La discrimination fondée sur l'âge n'est pas souvent perçue comme une forme de discrimination aussi importante que les autres, malgré qu'elle puisse avoir les mêmes conséquences économiques, sociales et psychologiques que toute autre forme de discrimination.

Pour combattre l'âgisme, il faut sensibiliser le public au fait qu'il existe et combattre les idées préconçues et les stéréotypes les plus courants au sujet du vieillissement. Le vieillissement est une expérience individuelle et il est impossible de généraliser au sujet des aptitudes et des compétences d'une personne en se fondant uniquement sur son âge, pas plus qu'il n'est possible de le faire en se fondant sur tout autre aspect de son identité. Les principes qui régissent les droits de la personne exigent que tous les membres de la société soient traités en tant qu'individus et évalués selon leurs propres mérites, et non pas selon des présomptions, et que tous puissent bénéficier de chances et d'avantages égaux, sans égard à leur âge. Il importe de reconnaître que les personnes âgées apportent une riche contribution à notre société et qu’il ne faut pas limiter leur potentiel.

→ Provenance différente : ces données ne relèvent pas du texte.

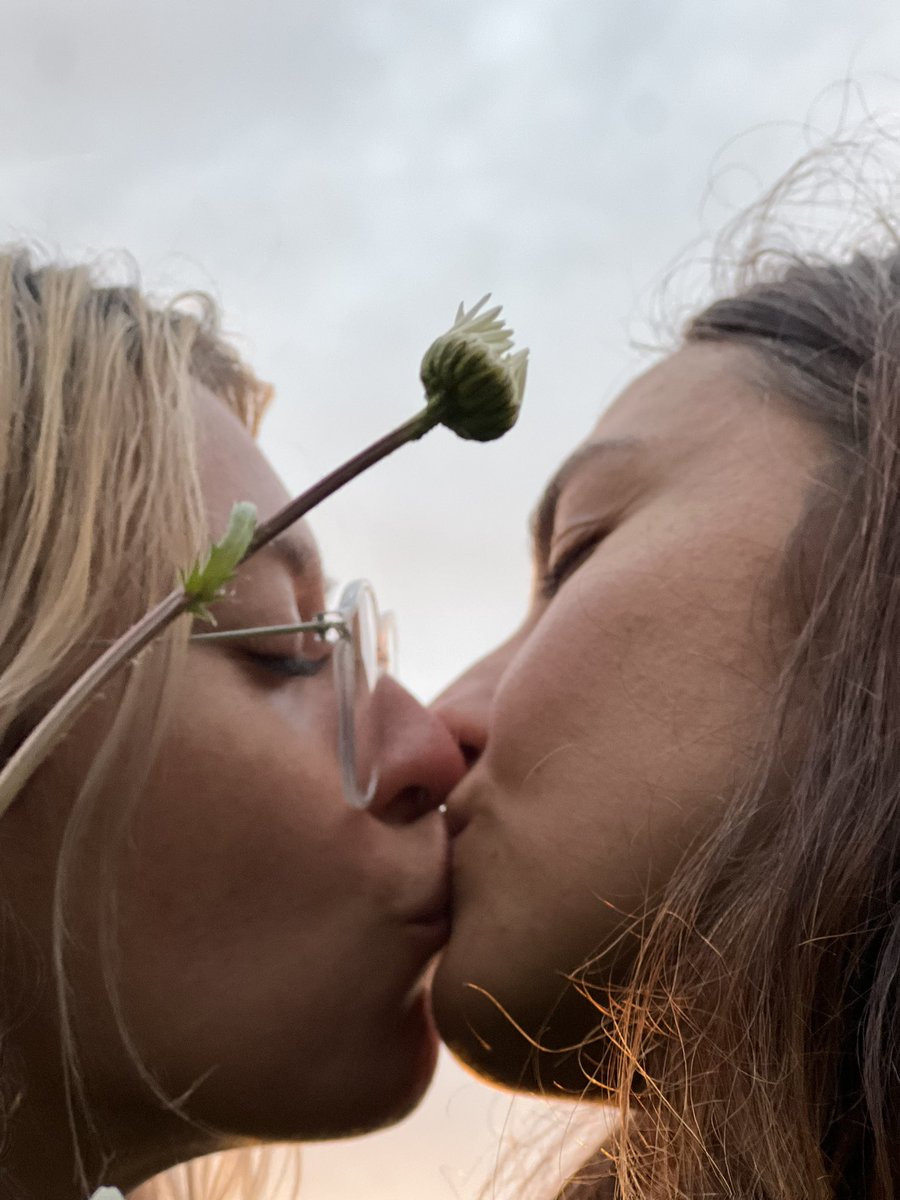 Chrissy Chambers ✨🏳️‍🌈 tweet media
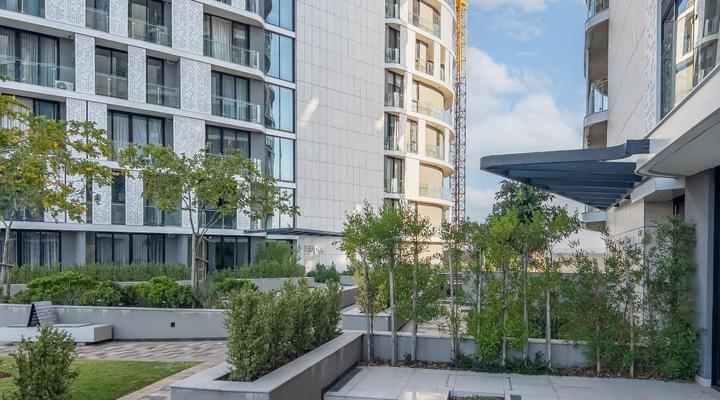 Unit 2008 Ellipse Waterfall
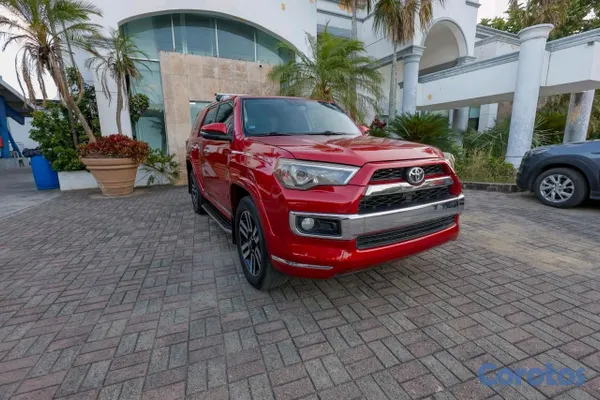2015 Toyota 4 Runner — foto 6 / 13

On peut également combattre l'âgisme par des méthodes universelles d'aménagement et de conception qui tiennent compte des réalités des personnes de tous les âges, dans toute la mesure du possible. La Cour suprême du Canada a récemment établi très clairement qu'il n'est plus acceptable de mettre en place des systèmes conçus comme si tout le monde était jeune et d'essayer par la suite de les adapter tant bien que mal pour les personnes qui ne le sont pas. Il faut plutôt tenir compte de la diversité d'âges qui existe dans la société dès l'étape de la conception, qu'il s'agisse de politiques, de programmes, de services, d'installations ou autres, afin de ne pas créer d'obstacles physiques, psychologiques et systémiques. Lorsque des obstacles existent déjà, les responsables doivent faire des efforts réels pour les définir et les éliminer.

Enfin, il importe de se rappeler que l'âgisme et la discrimination fondée sur l'âge peuvent se manifester différemment selon les autres composantes de l'identité d'une personne. Ainsi, certains groupes de personnes âgées peuvent être aux prises avec des difficultés uniques en raison de la conjonction de leur âge et d'autres facteurs, comme leur sexe, un handicap, leur orientation sexuelle, leur race, leur couleur, leur origine ethnique, leur religion, leur culture et leur langue.